AIM OF THE EXERCISE
Please restate the following records word for word.

RECORD EXCERPTS

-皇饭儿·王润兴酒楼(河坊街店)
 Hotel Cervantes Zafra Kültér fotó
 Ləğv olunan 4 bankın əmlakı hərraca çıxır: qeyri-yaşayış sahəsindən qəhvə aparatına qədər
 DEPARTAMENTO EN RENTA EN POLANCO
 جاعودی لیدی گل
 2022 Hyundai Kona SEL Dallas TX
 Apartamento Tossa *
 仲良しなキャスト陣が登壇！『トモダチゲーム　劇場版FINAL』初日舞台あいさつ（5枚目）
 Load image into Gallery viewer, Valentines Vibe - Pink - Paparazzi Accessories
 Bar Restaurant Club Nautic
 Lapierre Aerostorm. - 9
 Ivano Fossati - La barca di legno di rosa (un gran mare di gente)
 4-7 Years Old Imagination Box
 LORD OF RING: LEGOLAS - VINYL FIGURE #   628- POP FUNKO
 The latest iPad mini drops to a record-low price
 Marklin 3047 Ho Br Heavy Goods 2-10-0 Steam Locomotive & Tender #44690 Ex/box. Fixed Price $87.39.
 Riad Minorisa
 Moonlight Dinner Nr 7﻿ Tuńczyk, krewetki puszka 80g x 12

EXERCISE RESPONSE
-皇饭儿·王润兴酒楼(河坊街店)
 Hotel Cervantes Zafra Kültér fotó
 Ləğv olunan 4 bankın əmlakı hərraca çıxır: qeyri-yaşayış sahəsindən qəhvə aparatına qədər
 DEPARTAMENTO EN RENTA EN POLANCO
 جاعودی لیدی گل
 2022 Hyundai Kona SEL Dallas TX
 Apartamento Tossa *
 仲良しなキャスト陣が登壇！『トモダチゲーム　劇場版FINAL』初日舞台あいさつ（5枚目）
 Load image into Gallery viewer, Valentines Vibe - Pink - Paparazzi Accessories
 Bar Restaurant Club Nautic
 Lapierre Aerostorm. - 9
 Ivano Fossati - La barca di legno di rosa (un gran mare di gente)
 4-7 Years Old Imagination Box
 LORD OF RING: LEGOLAS - VINYL FIGURE #   628- POP FUNKO
 The latest iPad mini drops to a record-low price
 Marklin 3047 Ho Br Heavy Goods 2-10-0 Steam Locomotive & Tender #44690 Ex/box. Fixed Price $87.39.
 Riad Minorisa
 Moonlight Dinner Nr 7﻿ Tuńczyk, krewetki puszka 80g x 12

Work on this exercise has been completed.